# [Exercise]
An exact transcription of all the records, free of pictures, is the expected answer.

[[ Listed records, beginning ]]

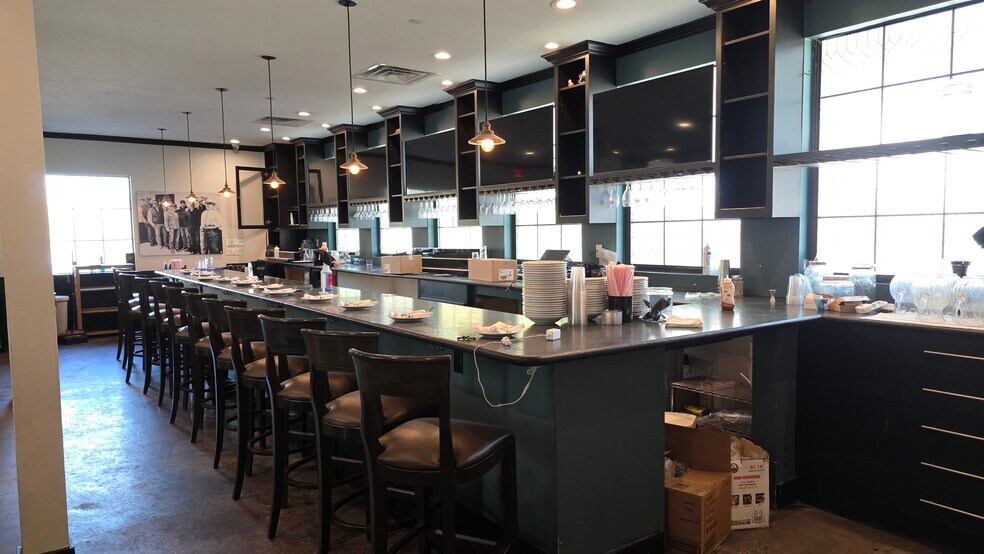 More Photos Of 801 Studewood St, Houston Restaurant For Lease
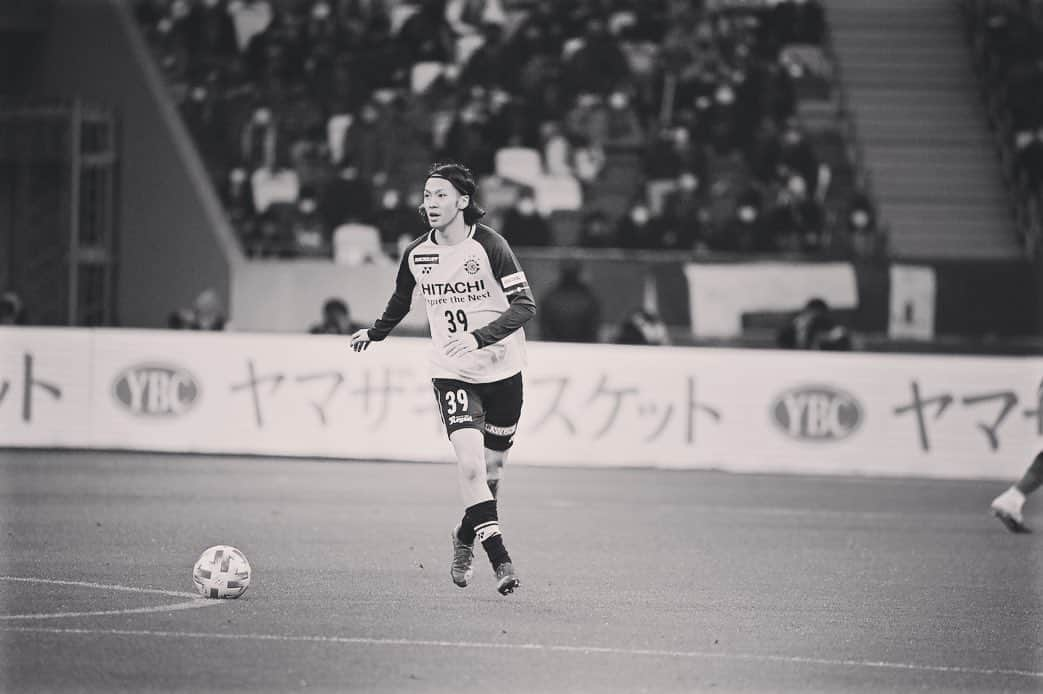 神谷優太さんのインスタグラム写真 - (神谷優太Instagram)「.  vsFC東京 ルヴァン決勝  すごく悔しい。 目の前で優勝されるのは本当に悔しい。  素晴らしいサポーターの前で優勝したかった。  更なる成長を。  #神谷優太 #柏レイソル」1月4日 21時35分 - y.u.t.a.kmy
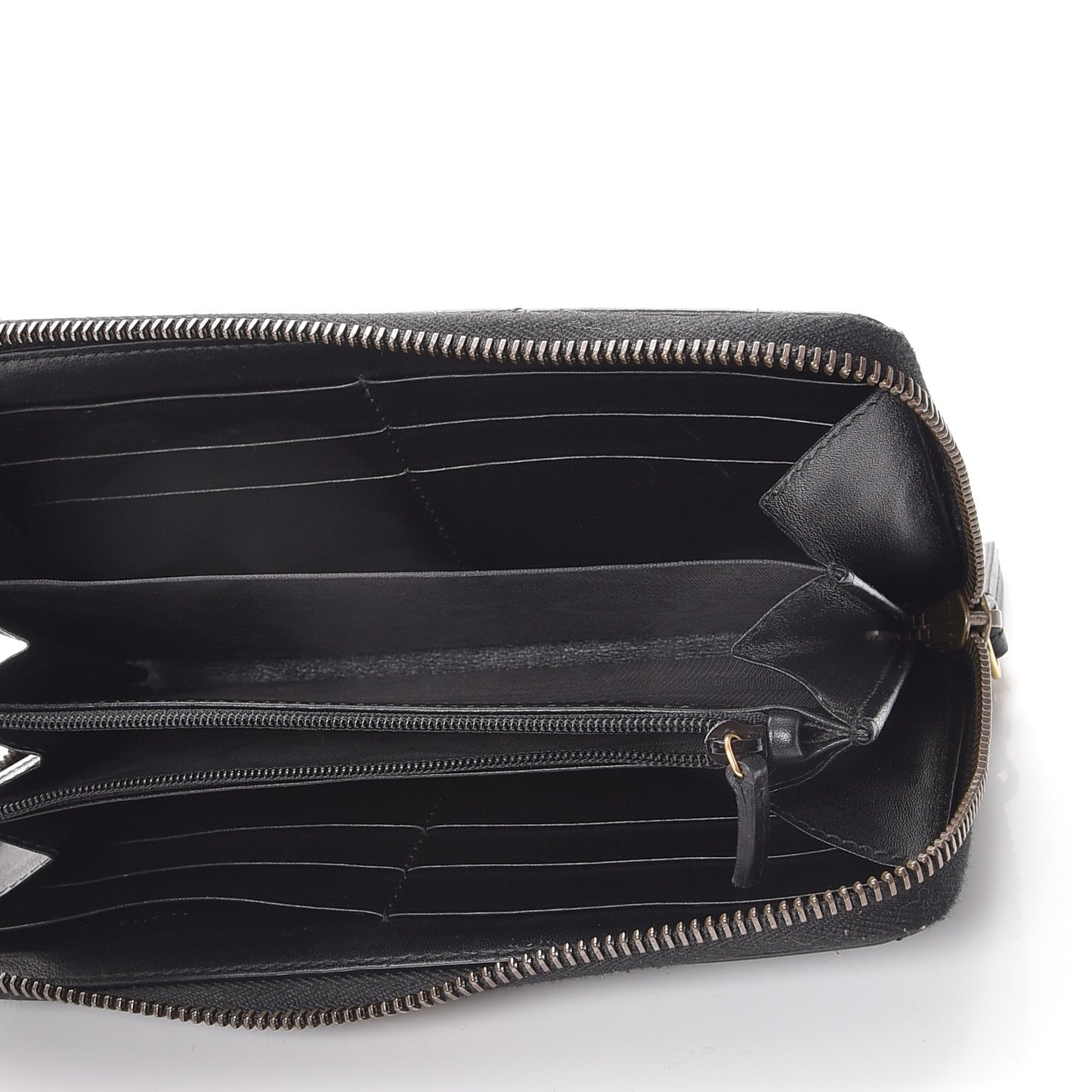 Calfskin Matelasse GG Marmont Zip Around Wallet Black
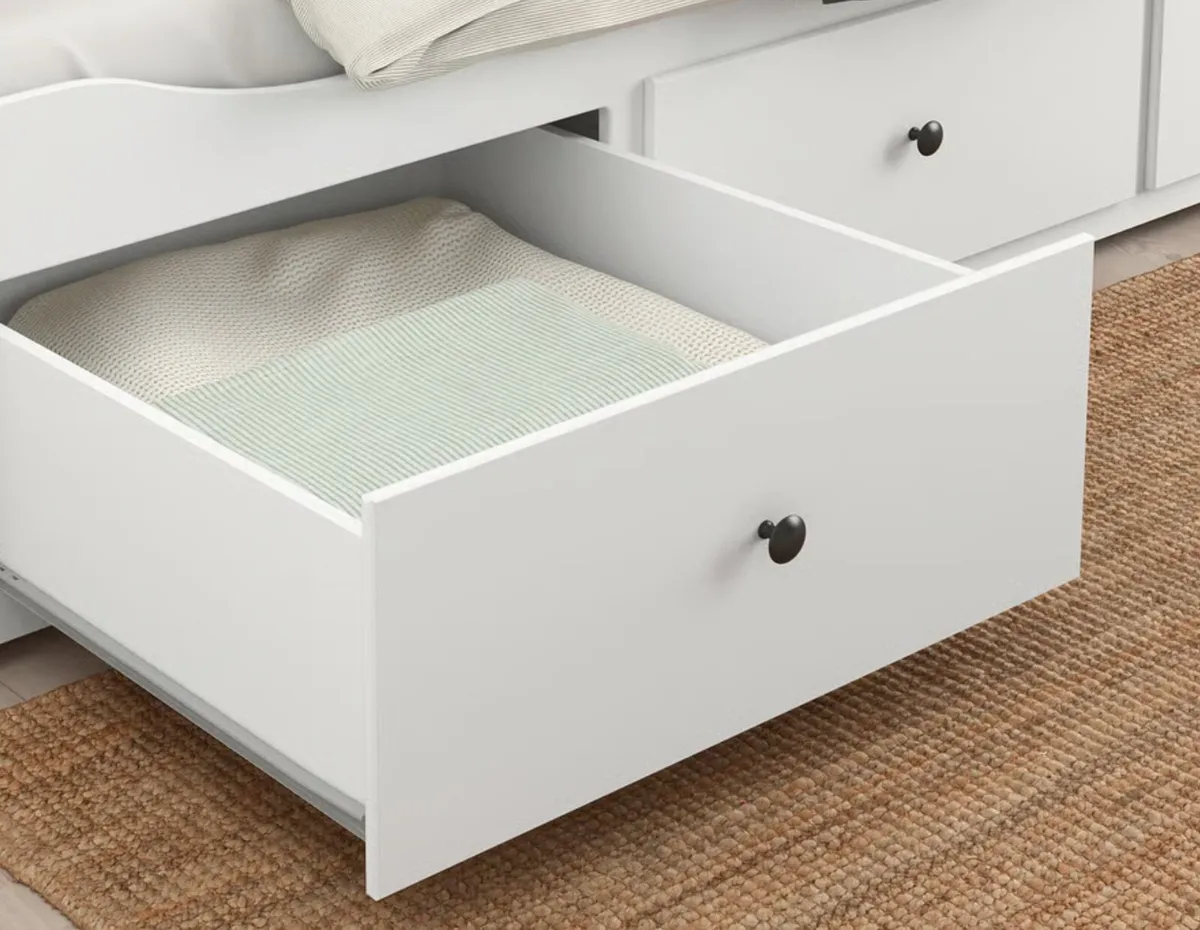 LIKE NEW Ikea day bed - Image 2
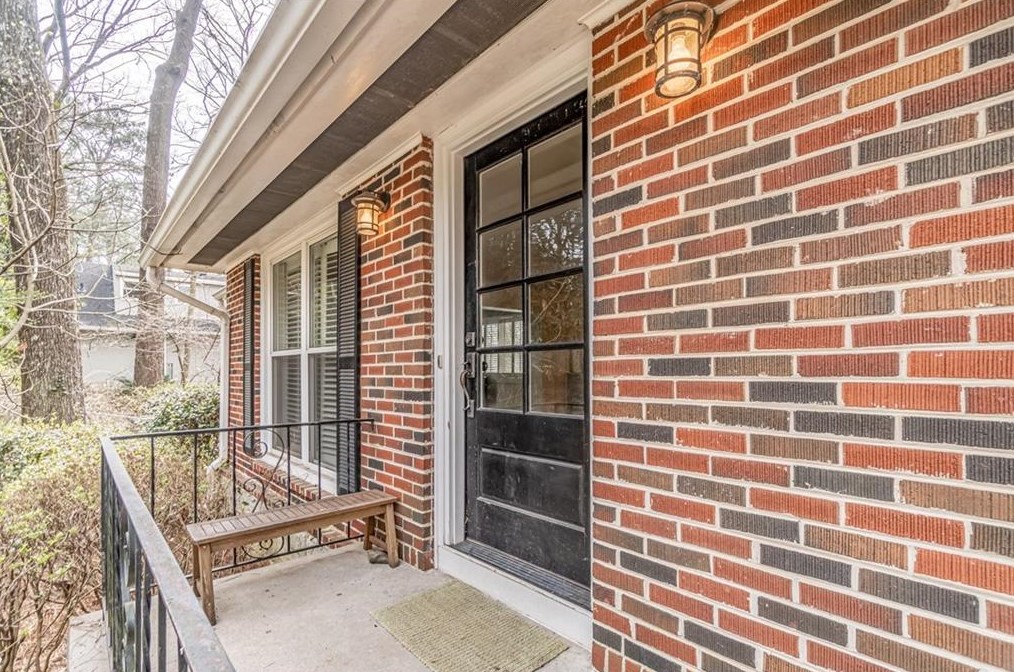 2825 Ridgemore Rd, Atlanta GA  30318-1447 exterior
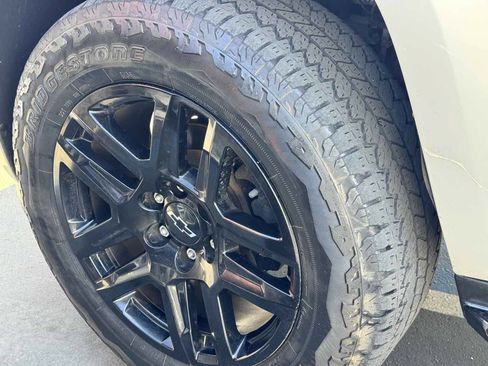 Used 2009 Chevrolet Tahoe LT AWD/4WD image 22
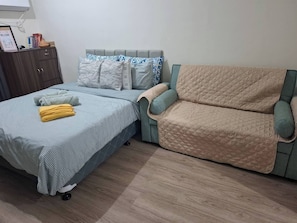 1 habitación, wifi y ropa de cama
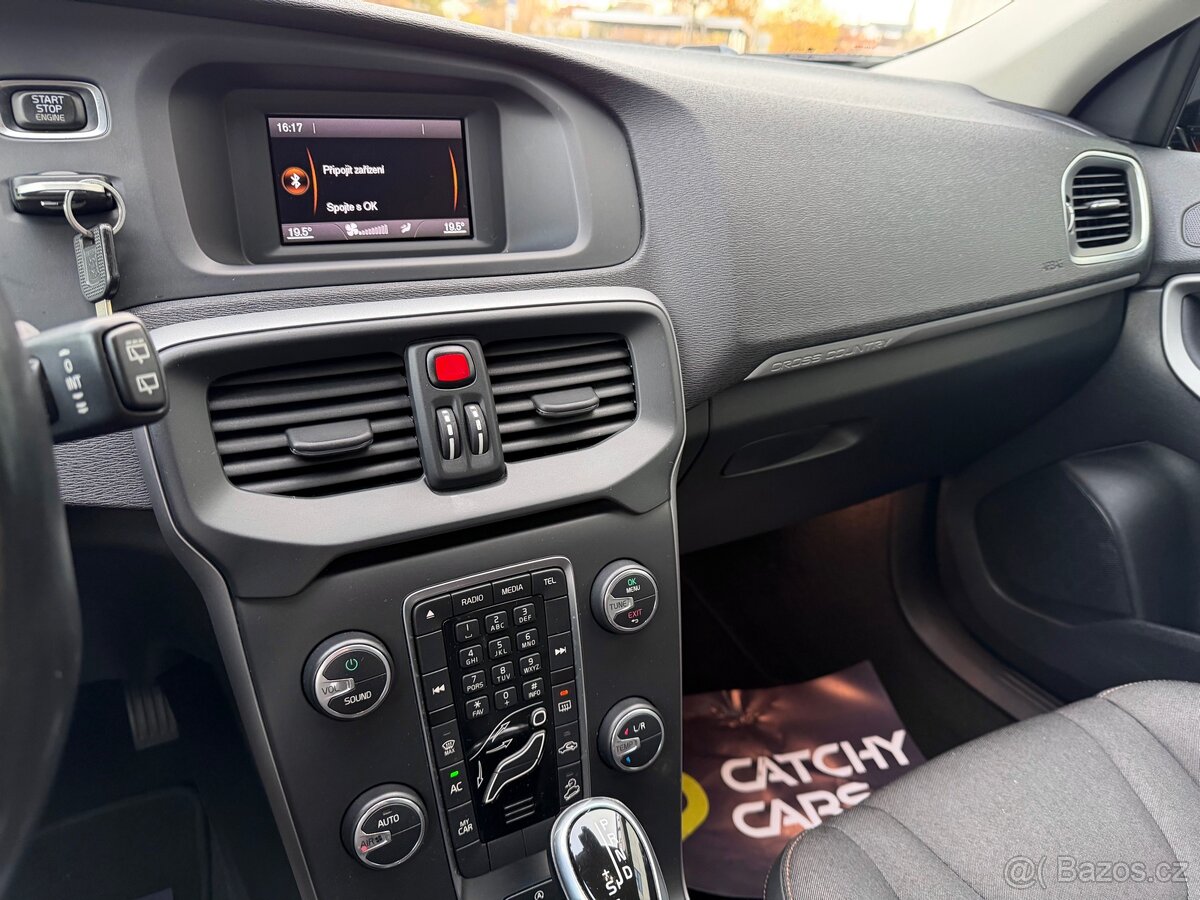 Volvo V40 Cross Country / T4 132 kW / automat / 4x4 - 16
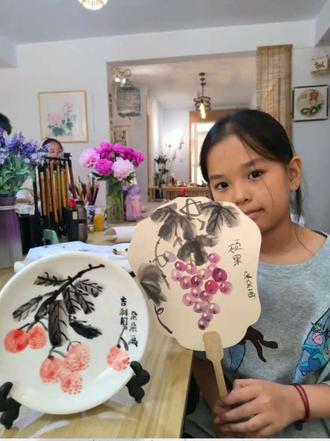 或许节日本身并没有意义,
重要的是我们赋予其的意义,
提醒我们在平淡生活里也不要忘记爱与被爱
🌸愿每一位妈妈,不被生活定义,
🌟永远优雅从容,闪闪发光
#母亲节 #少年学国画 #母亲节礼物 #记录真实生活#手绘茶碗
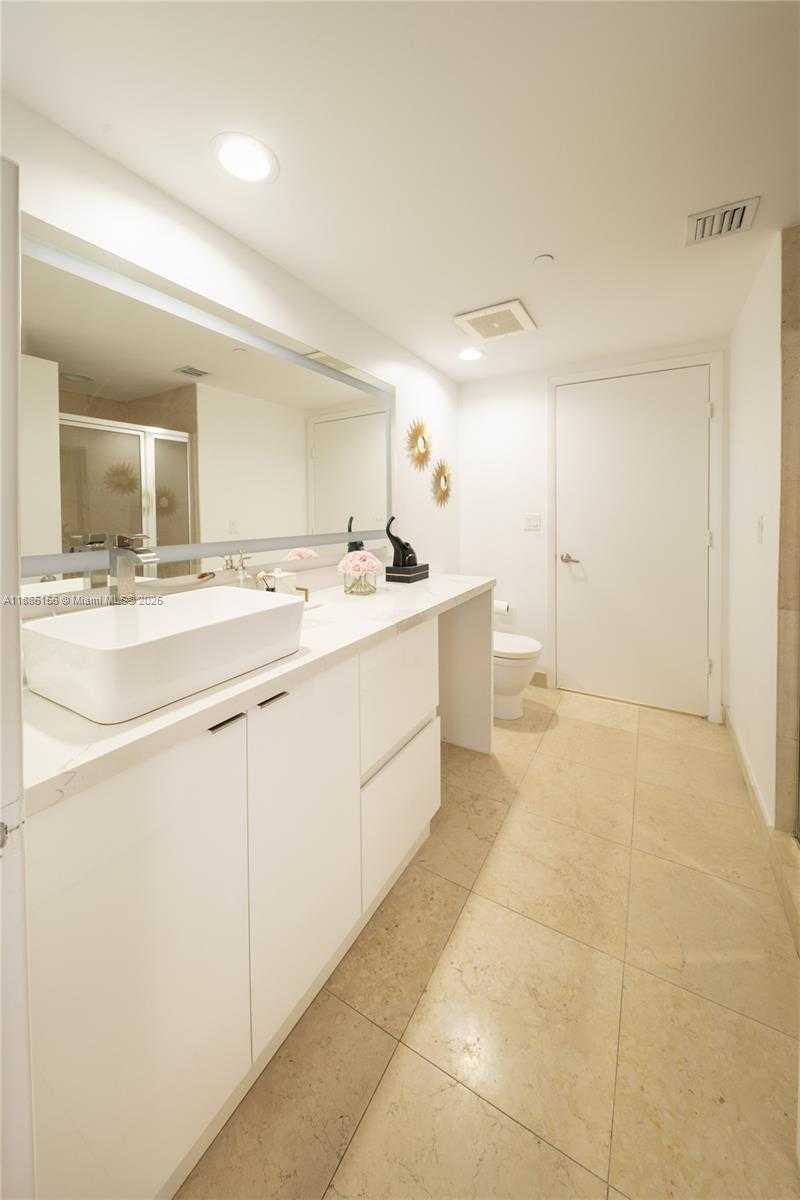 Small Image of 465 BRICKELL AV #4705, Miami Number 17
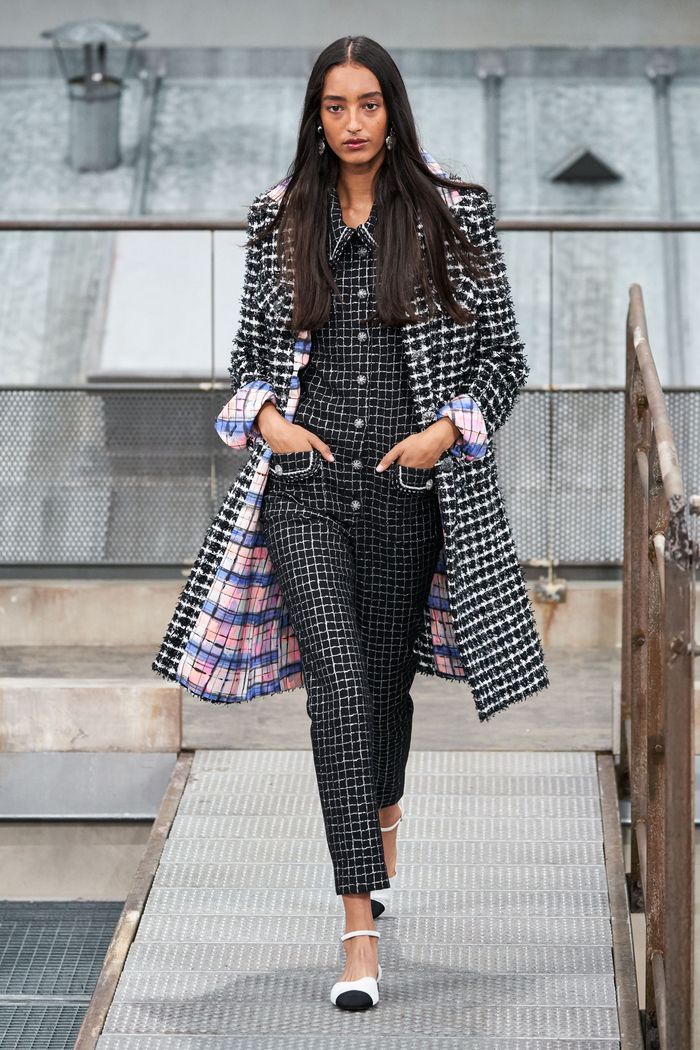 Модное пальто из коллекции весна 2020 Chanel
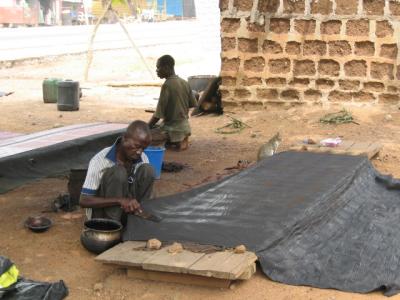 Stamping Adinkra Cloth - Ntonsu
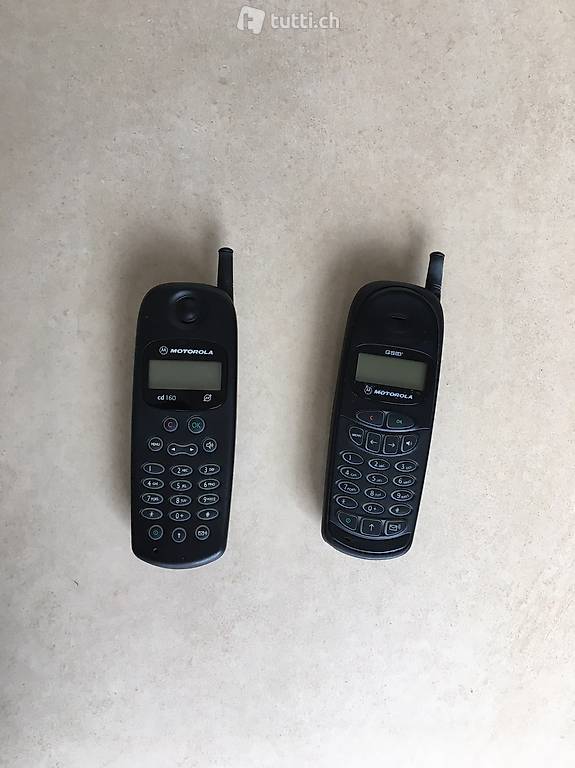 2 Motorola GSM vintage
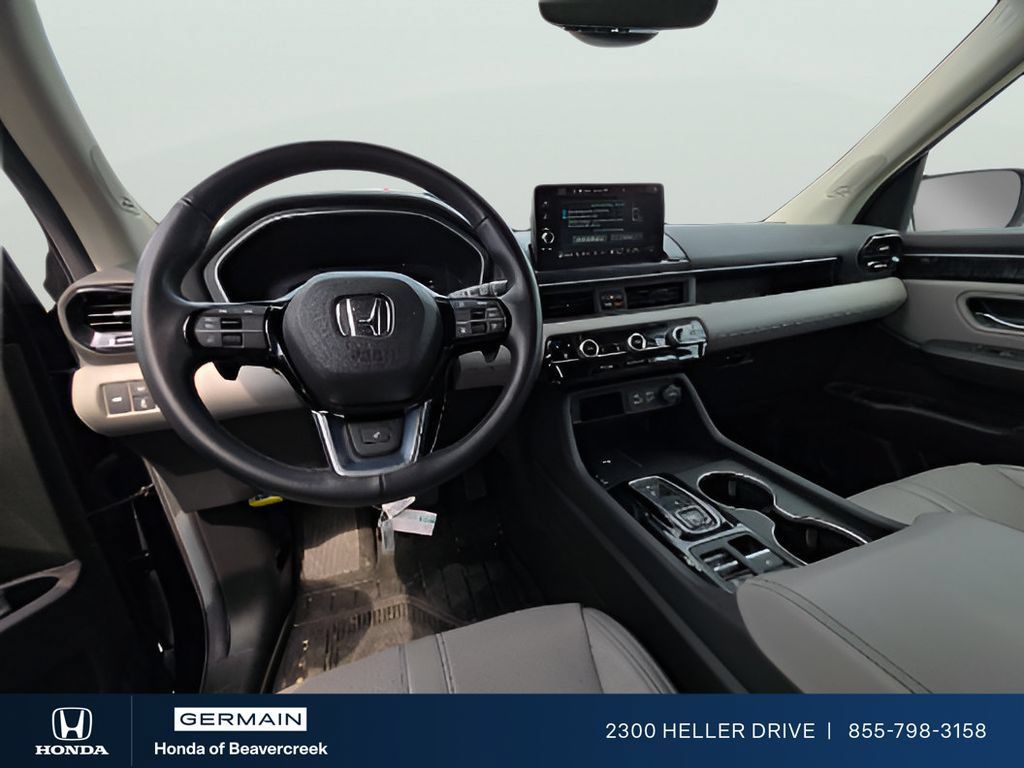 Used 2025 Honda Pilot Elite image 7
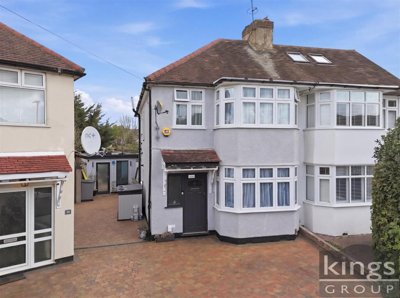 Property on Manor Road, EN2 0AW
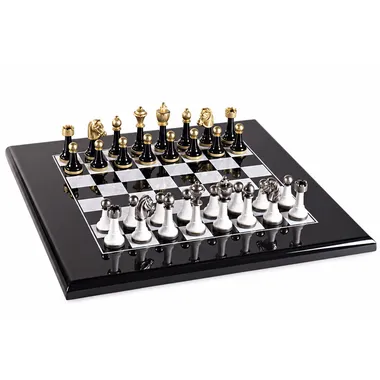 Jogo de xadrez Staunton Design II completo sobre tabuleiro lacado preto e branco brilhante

[[ Listed records, end ]]

# [Answer below]
 More Photos Of 801 Studewood St, Houston Restaurant For Lease
 神谷優太さんのインスタグラム写真 - (神谷優太Instagram)「.  vsFC東京 ルヴァン決勝  すごく悔しい。 目の前で優勝されるのは本当に悔しい。  素晴らしいサポーターの前で優勝したかった。  更なる成長を。  #神谷優太 #柏レイソル」1月4日 21時35分 - y.u.t.a.kmy
 Calfskin Matelasse GG Marmont Zip Around Wallet Black
 LIKE NEW Ikea day bed - Image 2
 2825 Ridgemore Rd, Atlanta GA  30318-1447 exterior
 Used 2009 Chevrolet Tahoe LT AWD/4WD image 22
 1 habitación, wifi y ropa de cama
 Volvo V40 Cross Country / T4 132 kW / automat / 4x4 - 16
 或许节日本身并没有意义,
重要的是我们赋予其的意义,
提醒我们在平淡生活里也不要忘记爱与被爱
🌸愿每一位妈妈,不被生活定义,
🌟永远优雅从容,闪闪发光
#母亲节 #少年学国画 #母亲节礼物 #记录真实生活#手绘茶碗
 Small Image of 465 BRICKELL AV #4705, Miami Number 17
 Модное пальто из коллекции весна 2020 Chanel
 Stamping Adinkra Cloth - Ntonsu
 2 Motorola GSM vintage
 Used 2025 Honda Pilot Elite image 7
 Property on Manor Road, EN2 0AW
 Jogo de xadrez Staunton Design II completo sobre tabuleiro lacado preto e branco brilhante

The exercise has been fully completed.